Whatever else it describes, the type of organisation sketched out above by the founder-leader of the Socialist Review Group-International Socialists in discussing "the revolutionary party" looks nothing like today's SWP. To us, it describes the organisational/political culture which would prevail in a genuine Communist Party, an organisation uniting the advance part of the class itself.

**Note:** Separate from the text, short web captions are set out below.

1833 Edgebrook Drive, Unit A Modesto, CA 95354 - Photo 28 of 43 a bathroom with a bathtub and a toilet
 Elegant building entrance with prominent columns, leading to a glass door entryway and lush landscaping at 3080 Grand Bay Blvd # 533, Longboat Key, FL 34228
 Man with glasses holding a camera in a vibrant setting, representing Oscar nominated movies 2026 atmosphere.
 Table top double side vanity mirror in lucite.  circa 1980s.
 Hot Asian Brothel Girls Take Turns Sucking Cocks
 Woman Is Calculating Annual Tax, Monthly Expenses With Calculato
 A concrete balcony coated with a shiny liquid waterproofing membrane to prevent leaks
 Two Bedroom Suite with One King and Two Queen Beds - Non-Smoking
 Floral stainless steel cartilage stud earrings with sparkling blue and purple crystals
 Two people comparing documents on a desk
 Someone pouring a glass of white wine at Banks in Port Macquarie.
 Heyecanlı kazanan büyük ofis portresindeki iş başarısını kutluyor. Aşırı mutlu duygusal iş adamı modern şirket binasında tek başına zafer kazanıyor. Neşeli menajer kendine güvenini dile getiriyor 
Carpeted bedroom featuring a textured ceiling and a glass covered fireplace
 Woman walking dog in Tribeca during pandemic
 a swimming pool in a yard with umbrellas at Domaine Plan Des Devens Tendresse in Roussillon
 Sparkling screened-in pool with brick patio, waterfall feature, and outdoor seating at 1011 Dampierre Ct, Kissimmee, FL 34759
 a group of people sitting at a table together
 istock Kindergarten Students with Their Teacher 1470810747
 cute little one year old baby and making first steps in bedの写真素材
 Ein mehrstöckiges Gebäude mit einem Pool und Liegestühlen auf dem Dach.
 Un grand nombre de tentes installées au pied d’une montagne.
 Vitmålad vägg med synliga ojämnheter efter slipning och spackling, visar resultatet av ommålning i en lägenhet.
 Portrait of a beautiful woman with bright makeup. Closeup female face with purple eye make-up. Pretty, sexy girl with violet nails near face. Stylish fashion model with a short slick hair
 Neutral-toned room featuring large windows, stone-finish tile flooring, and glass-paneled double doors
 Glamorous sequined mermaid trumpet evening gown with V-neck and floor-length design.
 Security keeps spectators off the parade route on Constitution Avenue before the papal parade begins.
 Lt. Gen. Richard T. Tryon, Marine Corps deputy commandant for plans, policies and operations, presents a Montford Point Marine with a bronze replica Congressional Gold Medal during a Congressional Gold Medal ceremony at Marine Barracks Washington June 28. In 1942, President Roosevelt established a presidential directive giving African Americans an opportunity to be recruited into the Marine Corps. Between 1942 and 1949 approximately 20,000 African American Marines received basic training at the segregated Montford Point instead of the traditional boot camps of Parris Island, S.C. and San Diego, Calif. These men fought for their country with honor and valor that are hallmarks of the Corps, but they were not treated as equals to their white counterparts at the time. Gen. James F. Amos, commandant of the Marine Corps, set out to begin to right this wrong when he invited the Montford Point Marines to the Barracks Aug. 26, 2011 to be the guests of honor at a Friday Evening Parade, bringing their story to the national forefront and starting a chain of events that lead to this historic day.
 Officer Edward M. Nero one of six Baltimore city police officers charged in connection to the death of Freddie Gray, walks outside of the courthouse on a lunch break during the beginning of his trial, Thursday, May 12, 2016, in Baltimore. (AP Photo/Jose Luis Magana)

The SWP is certainly changing. For too long, its members were synonymous on the left with surly indifference to serious debate or any other form of constructive rapprochement with other revolutionaries. Come election time, it automatically supported the Labour Party. Indeed, it had a half-theorised position as to why it did not present itself as an alternative in the ballot box - that real working class politics were to do with strikes, picket lines and the mundane concerns of the workplace. The very act of standing candidates was equated with 'electoralism', sowing illusions in reformism. In line with its opportunist tailing of spontaneity, here was an organisation that made a positive virtue out of not having a programme, claiming this anchorless state imparted 'flexibility'.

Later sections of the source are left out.